Ongoing to June 29 – Amy Nathan: Slipknot Loophole at CULT Aimee Friberg Exhibitions: The works in Slipknot Loophole engage the mechanisms women use to hold themselves together and find that allowing release is an essential part of those systems. Ranging in scale from jewelry to architecture, Nathan’s work continues her material experimentation and her acute study of the distance between image and embodiment. Slipknot Loophole extends Nathan’s engagement with the clothing and tools that are meant to double, reshape and camouflage the body. Eclectic in form and playful in style, Nathan’s works are culled from sources both ancient and contemporary.
Ongoing to August 20 – A Sieve for Infinity curated by Astria Suparak at Slash Art: This group exhibition includes works by Jovencio de la Paz, Yeni Mao, and Analia Saban.
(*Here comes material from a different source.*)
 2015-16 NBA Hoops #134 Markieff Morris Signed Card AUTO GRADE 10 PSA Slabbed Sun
These artists test materials and technology, both traditional and modern, incorporating handcrafted and industrial production. Analia Saban extends a lineage of conceptual art, Yeni Mao breaks camp from aa modernist architectural practice. Jovencio de la Paz blurs the line between creativity and computation.
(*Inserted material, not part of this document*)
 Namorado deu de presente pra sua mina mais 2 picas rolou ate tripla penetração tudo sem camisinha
Ongoing to August 27 – MYR at McEvoy Foundation for the Arts: Guest curated by Elizabeth Thomas, MYR assembles artworks in a wide array of media that leverage science and technology to see through and beyond the Anthropocene—the current epoch in which humans have had dominant control over the environment. Featured artists include: Sophia Al Maria, Amy Balkin, Heather Dewey-Hagborg, Alexandra, Daisy Ginsberg, Rhonda Holberton, Candice Lin, Cannupa Hanska Luger, Katie Paterson, Tomás Saraceno, Miriam Simun, Cauleen Smith, Jenna Sutela, and Sissel Marie Tonn.
June 2 to August 13 – Liz Deschenes: Works 1997-2022 at Fraenkel Gallery: This exhibit is a new survey of the work of Liz Deschenes, who uses photography’s fundamental elements of light, chemistry, and time to explore the inherent meaning of the medium. The exhibition features installations that incorporate silvery cameraless photograms, made by exposing photographic paper to moonlight and sunlight, as well as work focused on the significance of color in industrial and commercial processes.
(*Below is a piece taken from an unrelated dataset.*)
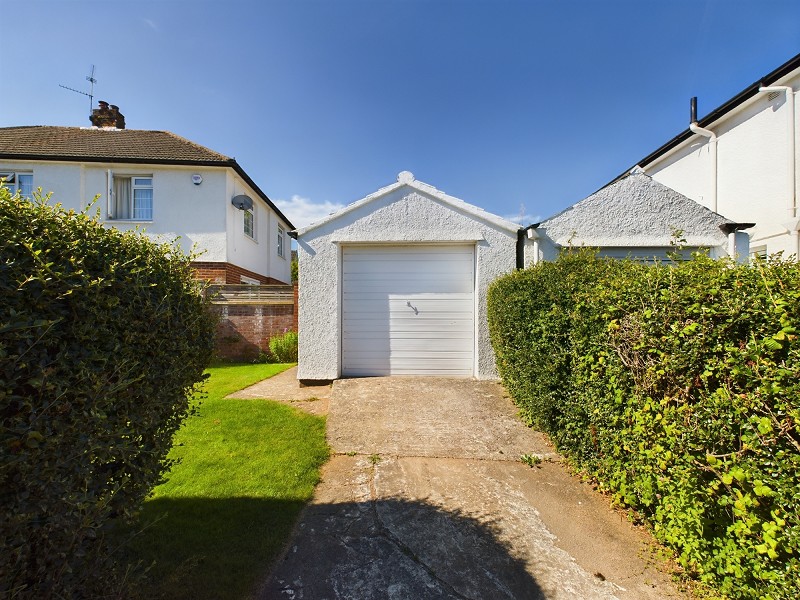 Garage & Driveway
June 17 to September 3 – Carlos Villa: Worlds in Collision and Carlos Villa: Roots and Reinvention at Asian Art Museum and SFAC Galleries: San Francisco-born Carlos Villa (1936–2013) was a groundbreaking American artist whose work broadened the horizons of 20th-century modernism. His search for personal and aesthetic meaning in his own Filipino heritage and global indigenous cultures led him to develop an original and expansive approach to art and the role of the artist. This two-venue retrospective will celebrate Villa’s legacy and give viewers the opportunity to experience the work of an artist with deep ties to the City and who was an influential thinker, community organizer and dedicated educator.